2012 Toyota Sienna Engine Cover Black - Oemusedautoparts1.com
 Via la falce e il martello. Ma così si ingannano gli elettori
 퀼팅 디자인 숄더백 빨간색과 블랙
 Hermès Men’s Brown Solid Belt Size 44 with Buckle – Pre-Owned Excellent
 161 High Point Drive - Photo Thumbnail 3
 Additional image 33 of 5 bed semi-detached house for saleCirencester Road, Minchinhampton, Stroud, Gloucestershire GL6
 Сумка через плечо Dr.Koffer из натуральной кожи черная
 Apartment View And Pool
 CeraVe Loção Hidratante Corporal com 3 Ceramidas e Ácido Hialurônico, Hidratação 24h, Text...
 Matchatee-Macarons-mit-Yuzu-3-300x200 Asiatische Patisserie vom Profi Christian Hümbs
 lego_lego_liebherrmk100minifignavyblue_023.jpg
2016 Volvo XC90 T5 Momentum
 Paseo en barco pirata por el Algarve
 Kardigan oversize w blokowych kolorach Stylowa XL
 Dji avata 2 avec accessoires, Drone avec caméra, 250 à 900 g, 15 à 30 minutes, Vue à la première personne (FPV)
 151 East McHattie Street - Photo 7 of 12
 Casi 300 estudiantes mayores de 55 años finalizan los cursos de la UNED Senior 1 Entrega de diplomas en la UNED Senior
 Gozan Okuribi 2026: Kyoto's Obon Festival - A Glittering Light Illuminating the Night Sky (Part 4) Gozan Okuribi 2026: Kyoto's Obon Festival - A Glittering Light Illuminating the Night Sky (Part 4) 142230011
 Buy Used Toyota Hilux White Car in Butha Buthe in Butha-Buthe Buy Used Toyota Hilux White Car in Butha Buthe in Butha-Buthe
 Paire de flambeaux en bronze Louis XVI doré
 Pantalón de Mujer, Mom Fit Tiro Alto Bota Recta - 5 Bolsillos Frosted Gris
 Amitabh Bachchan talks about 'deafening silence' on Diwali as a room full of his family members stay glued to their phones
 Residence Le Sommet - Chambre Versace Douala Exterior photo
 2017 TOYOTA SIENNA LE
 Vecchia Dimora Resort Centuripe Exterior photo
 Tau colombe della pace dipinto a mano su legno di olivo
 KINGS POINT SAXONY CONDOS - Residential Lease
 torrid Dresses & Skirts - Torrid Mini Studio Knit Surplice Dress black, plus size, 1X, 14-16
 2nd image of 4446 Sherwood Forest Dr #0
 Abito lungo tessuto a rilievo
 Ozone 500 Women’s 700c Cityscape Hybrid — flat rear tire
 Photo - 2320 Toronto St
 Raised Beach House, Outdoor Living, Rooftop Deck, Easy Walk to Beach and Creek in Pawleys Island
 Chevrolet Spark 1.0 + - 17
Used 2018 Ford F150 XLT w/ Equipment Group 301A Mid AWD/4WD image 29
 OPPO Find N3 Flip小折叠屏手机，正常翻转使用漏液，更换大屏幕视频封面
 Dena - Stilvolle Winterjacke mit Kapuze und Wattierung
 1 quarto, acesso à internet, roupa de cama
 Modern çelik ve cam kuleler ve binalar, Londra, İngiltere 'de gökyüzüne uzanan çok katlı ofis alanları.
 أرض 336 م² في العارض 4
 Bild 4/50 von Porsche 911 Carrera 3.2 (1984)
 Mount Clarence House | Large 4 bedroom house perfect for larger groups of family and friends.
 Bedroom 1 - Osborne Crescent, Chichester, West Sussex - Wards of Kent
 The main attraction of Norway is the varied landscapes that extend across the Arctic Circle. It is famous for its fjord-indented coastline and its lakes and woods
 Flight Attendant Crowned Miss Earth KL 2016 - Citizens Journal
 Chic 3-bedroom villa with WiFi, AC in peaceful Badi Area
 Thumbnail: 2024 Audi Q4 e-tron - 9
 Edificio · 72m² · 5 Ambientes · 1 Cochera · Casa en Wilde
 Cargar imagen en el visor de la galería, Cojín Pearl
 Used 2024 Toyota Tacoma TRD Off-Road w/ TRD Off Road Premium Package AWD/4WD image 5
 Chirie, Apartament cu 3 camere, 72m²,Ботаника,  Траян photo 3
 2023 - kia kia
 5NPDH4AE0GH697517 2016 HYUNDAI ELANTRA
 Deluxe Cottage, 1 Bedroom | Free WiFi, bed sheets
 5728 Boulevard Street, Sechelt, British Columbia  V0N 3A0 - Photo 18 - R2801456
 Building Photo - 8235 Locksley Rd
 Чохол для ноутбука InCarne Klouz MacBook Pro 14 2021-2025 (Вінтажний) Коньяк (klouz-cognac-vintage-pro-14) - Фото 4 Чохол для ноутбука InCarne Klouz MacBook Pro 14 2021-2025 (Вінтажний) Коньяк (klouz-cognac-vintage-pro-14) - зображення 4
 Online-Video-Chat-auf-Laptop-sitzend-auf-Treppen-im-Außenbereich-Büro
====================
*YOUR INSTRUCTIONS*. Scan the records for the string "Thumbnail" and show every line that contains it.

*RESULT OF THIS TASK*.
 161 High Point Drive - Photo Thumbnail 3
 Thumbnail: 2024 Audi Q4 e-tron - 9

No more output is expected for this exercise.